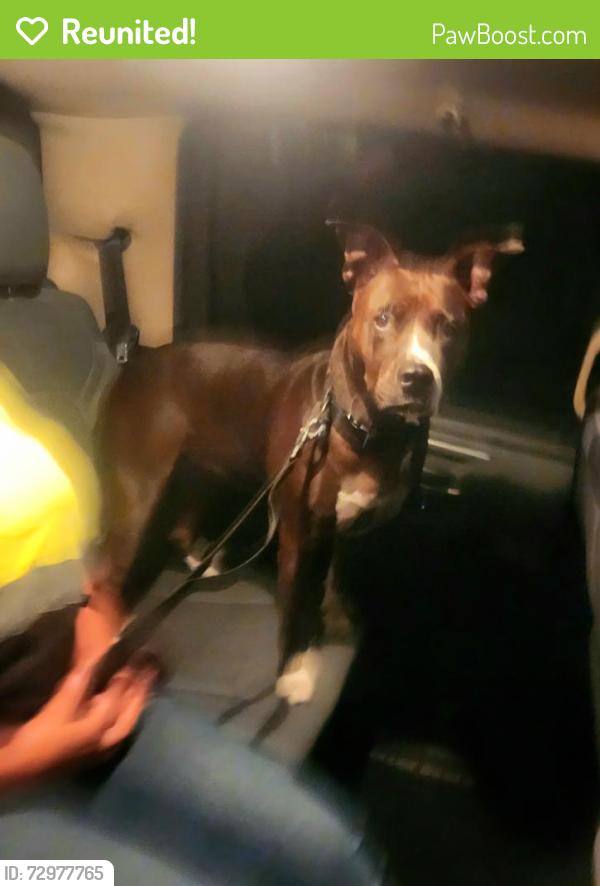 Reunited Unknown Dog last seen Fairmount and Montezuma, San Diego, CA 92115
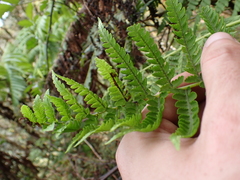 Cibotium chamissoi, photograph (c) Neal Kelso, some rights reserved (CC BY)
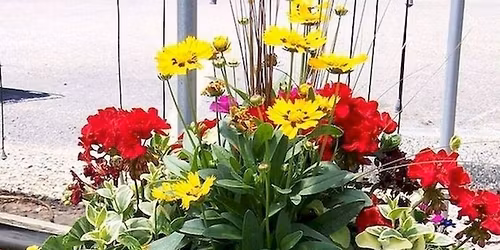 Plant Now - Pick Up Later Sunday Event 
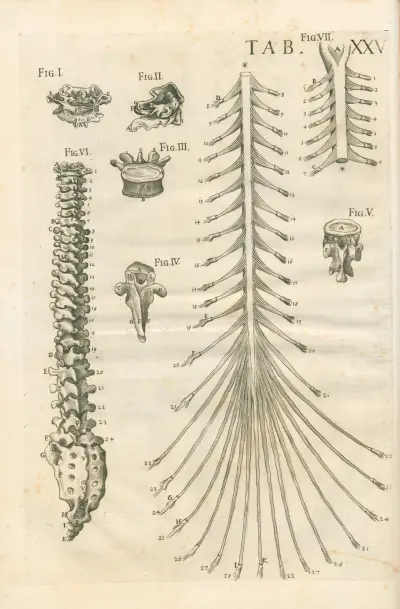 Tabulae anatomicae a celeberrimo pictore Petro Berretino Cortonensi Pl.25 av Pietro da Cortona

· · · · ·

Set down the material word for word, and drop every picture from it.

- ANSWER AREA:
 Reunited Unknown Dog last seen Fairmount and Montezuma, San Diego, CA 92115
 Cibotium chamissoi, photograph (c) Neal Kelso, some rights reserved (CC BY)
 Plant Now - Pick Up Later Sunday Event 
 Tabulae anatomicae a celeberrimo pictore Petro Berretino Cortonensi Pl.25 av Pietro da Cortona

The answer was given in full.